State’s Pension Fix- Cash in on Untimely Deaths!



Before watching Michael Moore’s Capitalism:  A Love Story, I could not have imagined it would be legal for a company to take out a life insurance policy on their employees.  Even though you and I can not take out insurance on each other, companies, who the Supreme Court has decided are  people, can do just that.  If the employee then dies an untimely death, the company cashes in, and no they do not share it with the family.  Well guess what?  That is one of the new options for fixing Michigan’s pension system! 

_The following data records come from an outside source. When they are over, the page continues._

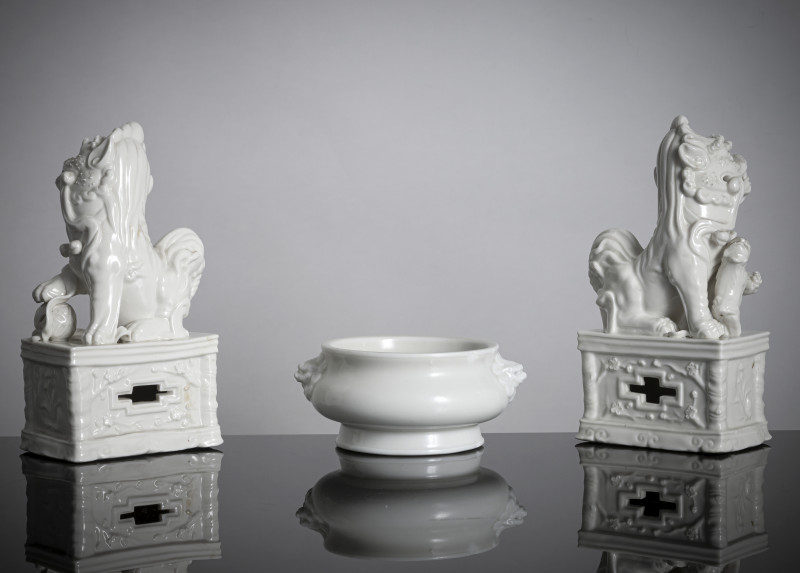 A pair of white-glazed Buddhist lions and incense burner made of Dehua porcelain - 图3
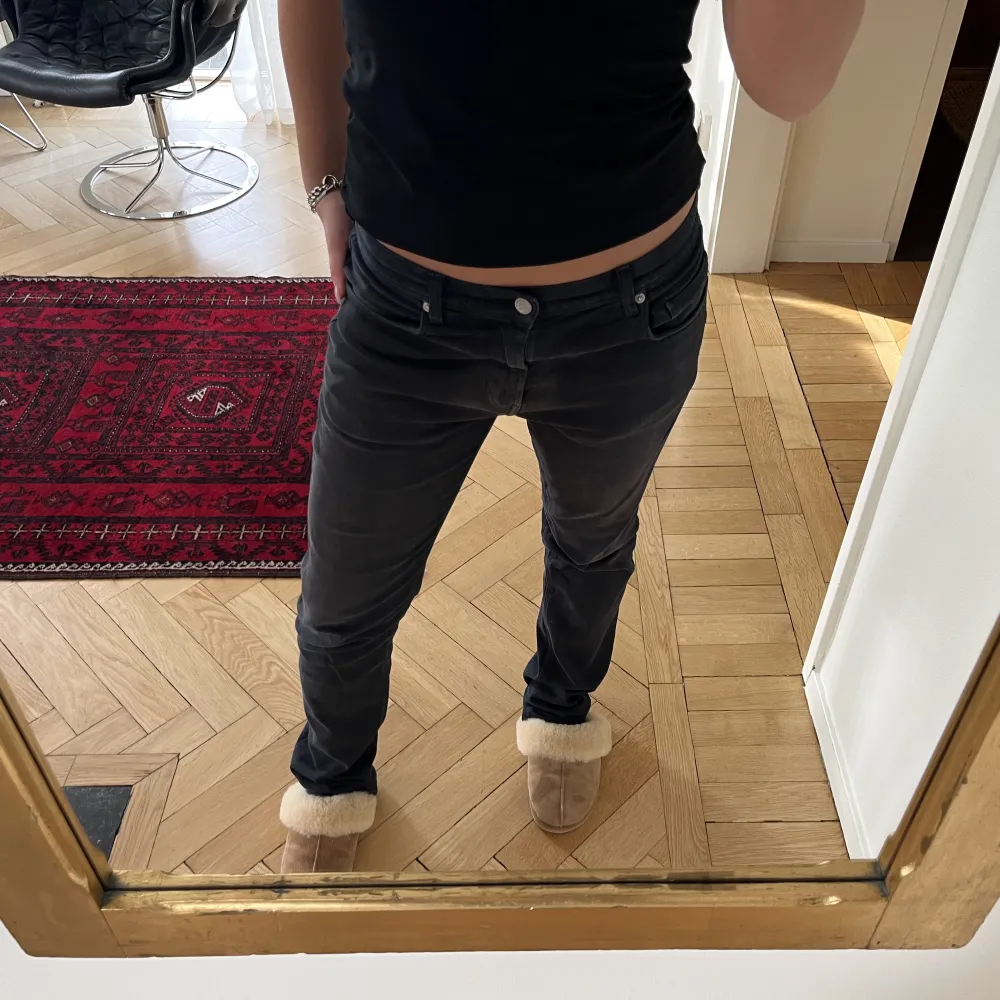 Så snygga jeans, dem är mörk mörk blåa. Lågmidjade. Jag är 165cm. . Jeans & Byxor.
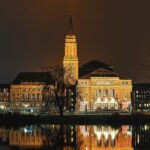 Rathaus Kiel und Opernhaus bei Nacht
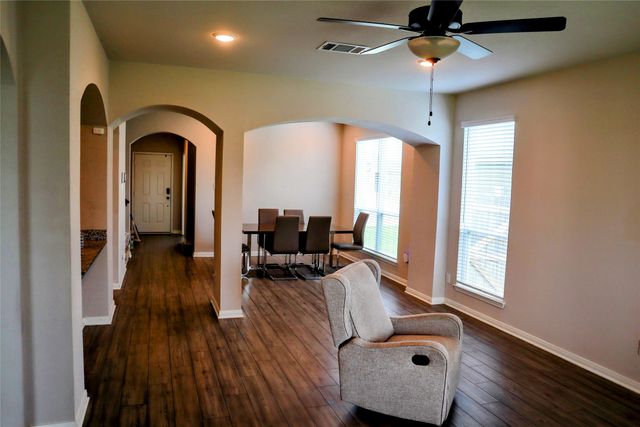 7024 Llano Drive, Waco, TX 76633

On February 1st, a work group of eight Republican senators and representatives made recommendations on how to reform the Michigan School Employees Retirement System (MPSERS).   According to the report, the reforms are necessary because the system is 45 billion dollars in the hole.  This is known as an unfunded liability.  The reason that the system is in the hole is because the invested money has not “achieved the assumed rate of return” over the past 10 years.  Basically, the stock market stinks, and the money in the pension program is not growing fast enough.  The work group provides a bunch of options to fix the problem, none of which include raising revenue.  I guess this is when government should not be run like a business.  Anyhow, the first option they give is moving employees over to a defined contribution plan (401K) like most people are shackled with.   So while the stock market created the problem, their answer is to make their employees, instead of the state, be the whipping boys of a rigged market.  If you don’t believe the stock market is rigged, look up micro trading, read the book The Big Short, or read this blog post from the Rolling Stone’s Matt Taibbi.  Almost all the options the work group came up with shift the burden onto their employees.  One option is even more sinister though.  The work group suggests that the state “purchase life insurance on employees and and if proceeds outweigh the cost of insurance, use the potential proceeds to help pay off the unfunded liability.”  So the state is looking to make a bet that some of their employees will die an early and untimely death.  I guess this is what reinvention looks like when you are trying to run government like a Walmart.